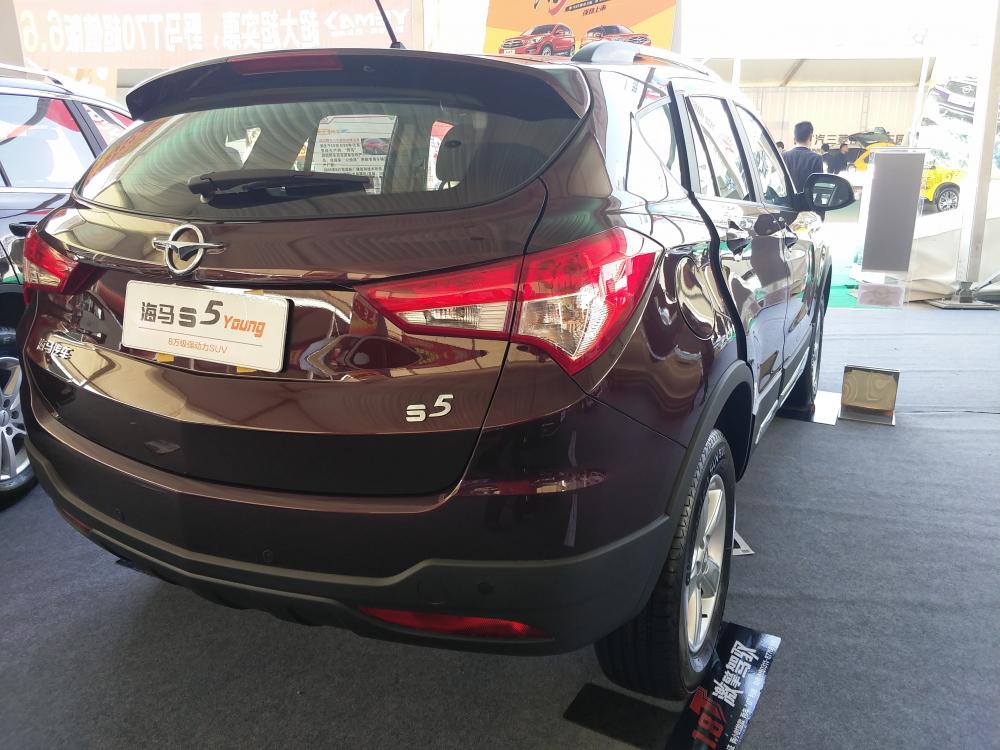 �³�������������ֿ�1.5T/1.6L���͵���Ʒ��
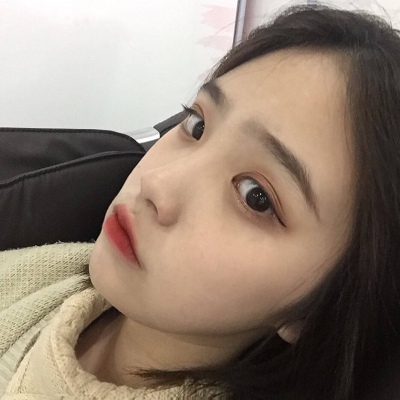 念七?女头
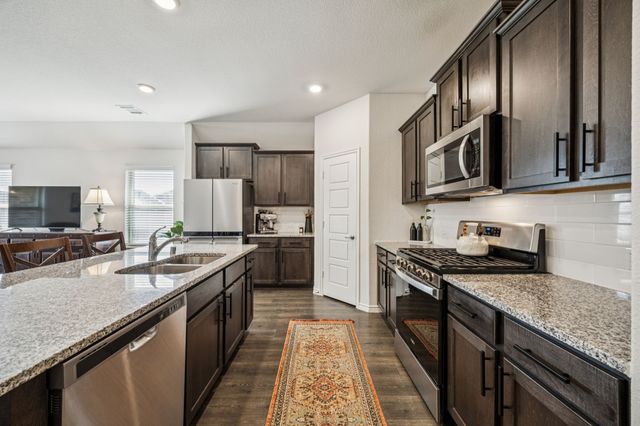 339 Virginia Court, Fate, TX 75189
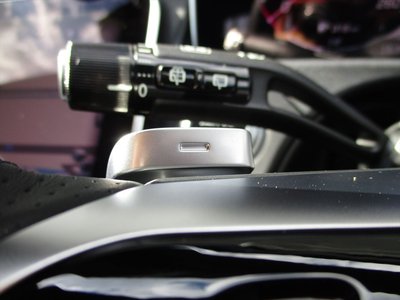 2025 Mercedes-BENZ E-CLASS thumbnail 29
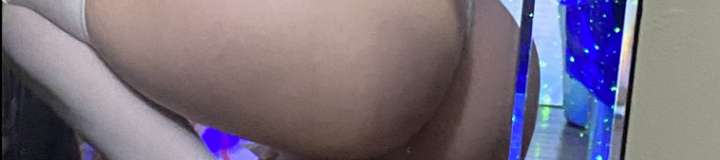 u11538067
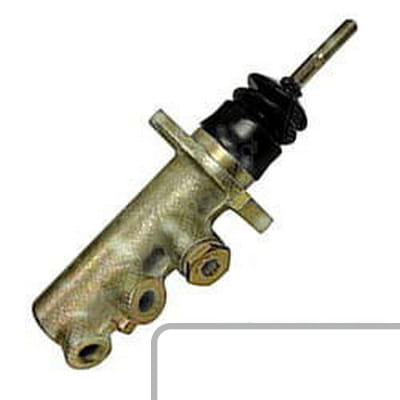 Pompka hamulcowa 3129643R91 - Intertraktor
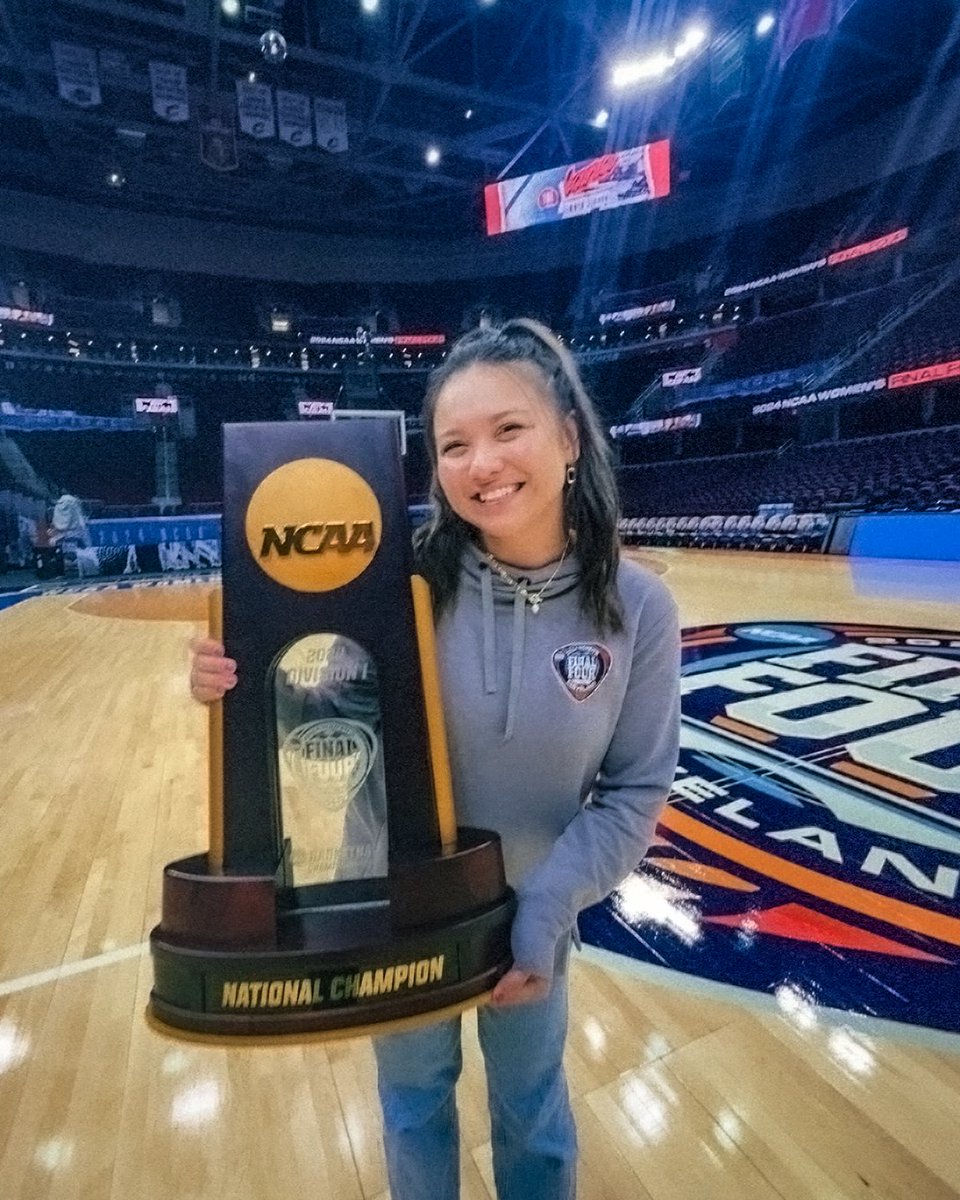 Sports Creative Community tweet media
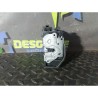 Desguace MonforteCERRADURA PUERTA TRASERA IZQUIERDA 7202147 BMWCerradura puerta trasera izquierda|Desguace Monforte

**REQUIREMENT**
Could you repeat all of the material exactly? Pictures should not be copied.

**ANSWER SPACE**
 �³�������������ֿ�1.5T/1.6L���͵���Ʒ��
 念七?女头
 339 Virginia Court, Fate, TX 75189
 2025 Mercedes-BENZ E-CLASS thumbnail 29
 u11538067
 Pompka hamulcowa 3129643R91 - Intertraktor
 Sports Creative Community tweet media
 Desguace MonforteCERRADURA PUERTA TRASERA IZQUIERDA 7202147 BMWCerradura puerta trasera izquierda|Desguace Monforte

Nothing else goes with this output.